There are few structures with more mystery and lure than the bank vault. The subject of countless heist films and the inspiration for cliched phrases about the security and privacy of information. By its mere presence a bank’s vault assures clients of the security of their assets. As a 1904 Bankers’ Magazine article asserts, “ vaults and safes may be said to represent the heart of a bank’s equipment, and security here is vital to life and prosperity.”

For all the promise of security of a bank vault, they are not always faultless. In March 1957, the main vault of the National Savings & Trust Co. — located across the street from our Riggs National Bank building — wouldn’t open. When the timed clocks operating the vault didn’t unlock on schedule, the National Savings & Trust Co. found $100 million of its assets inaccessible. In order to continue business operations, the National Savings & Trust Co. withdrew money from the Riggs Bank. 

National Securities and Trust Building circa 1910

The Washington Post and Times Herald (today known as The Washington Post) reported that the National Savings & Trust Co. leadership speculated that the vault custodian had erred while setting the vault’s weekend schedule. So why couldn’t he simply return and fix the vault? In yet another twist of fate, the custodian was hospitalized due to a heart attack at the time of the discovery. And so, in order to access their own vault, the bank enlisted a group of safe-crackers to break in. 

"A 10-man crew of 'safe-crackers' worked 15 hours into yesterday's dawn under the watchful eyes of police before they could batter, drill, burn and saw their way into the National Saving and Trust Company's time-locked main vault."

The Herald reported that the team “tore in the vault’s heavy sidewall” to finally  gain access. And after those many hours of work and destruction, the bank executives’ predictions were proven correct: it had been a scheduling error, and an expert confirmed that the vault would have unlocked itself again a day later. Though the assets were thankfully recovered, in the midst of all the chaos of the faulty vault, Riggs Bank proved a handy neighbor to have on call. 

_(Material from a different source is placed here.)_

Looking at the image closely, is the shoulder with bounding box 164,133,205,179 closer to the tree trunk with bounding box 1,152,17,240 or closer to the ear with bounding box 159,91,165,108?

The historic buildings of the Riggs National Bank and the adjacent American Security & Trust Co. have a total of four vaults, all of which will be displayed at the Milken Center for Advancing the American Dream’s Visitor Center.

One of these vaults was manufactured by Pennsylvania-based company York Safe & Lock Co. The company was founded in 1882 under the management of Israel Laucks. Eight years later, management was transferred to Israel’s son, S. Forry Laucks. S. Forry Laucks had been involved in the company since the age of 17. Like the vault at the National Savings & Trust Co., this vault held client safe deposit boxes. Safe deposit boxes are often used by patrons to securely store various valuables, such as birth certificates and home inventories. The vaults were also used by its staff to house internal records.




Advertisements for York Safe & Lock Co. in Bankers Magazine called the company the “manufacturers and builders of the world’s greatest vaults.” Their advertisements boasted the vaults’ presence in banks across the United States — from the First National Bank of Chicago to the Los Angeles Branch of the Federal Reserve Bank of San Francisco, and their six vaults installed in the New York Federal Reserve Bank were referred to in a 1924 advertisement as “the climax of mechanical genius and ingenuity.”

Like many other businesses in the midst of the Great Depression, the York Safe & Lock Co. shifted its operations in the lead-up to World War II in an effort to increase profits. In 1938, the company bid and successfully received a government contract to produce gun mounts. These contracts were reported by the New York Times to be worth approximately $100,000,000, as of 1942. In today’s terms, this amounts to nearly $1.8 billion.  In 1942  The New York Times reported that they were “ one of the nation’s largest manufacturers of ordnance.” Among its 18 types of weapons, the company produced the popular Naval Bofors gun. In the same article the Times noted that “employees “boasted that their work resisted the explosives of enemy airmen as well as it had withstood the assaults of ambition cracksmen.”

In order to support their increasing success and bolster the volume of production, York Safe & Lock Co. added several more manufacturing plants in York, Pennsylvania, and  as of March 1942, “the plant had been converted 95 percent to war work and its staff had expanded from 600 to 4,000 men.”

York Safe & Lock Co. President S. Forry Laucks died in April 1942 at the age of 72. Less than two years later, in January of 1944, President Franklin D. Roosevelt issued Executive Order 9416, “authorizing the Secretary of the Navy to take possession of and operate the plants of York Safe & Lock Company.” In the Executive Order, Roosevelt describes the materials manufactured by the York Safe & Lock Co. as “essential to the prosecution of the war.” The New York Times reported that the “Navy Department revealed that the plant is being taken over ‘because of unsatisfactory management conditions.’”

After World War II ended and government control of the plants ceased, Harry Levine — who had acquired the company in 1944 — renamed the company to York Industries, Inc. and sold its safe and vault related materials to a rival vault producer. By 1947, the company had announced its closure and its main plant was ultimately sold in 1949, officially ending the era of York Safe & Lock Company. However, their work lives on in the vaults still found around the country.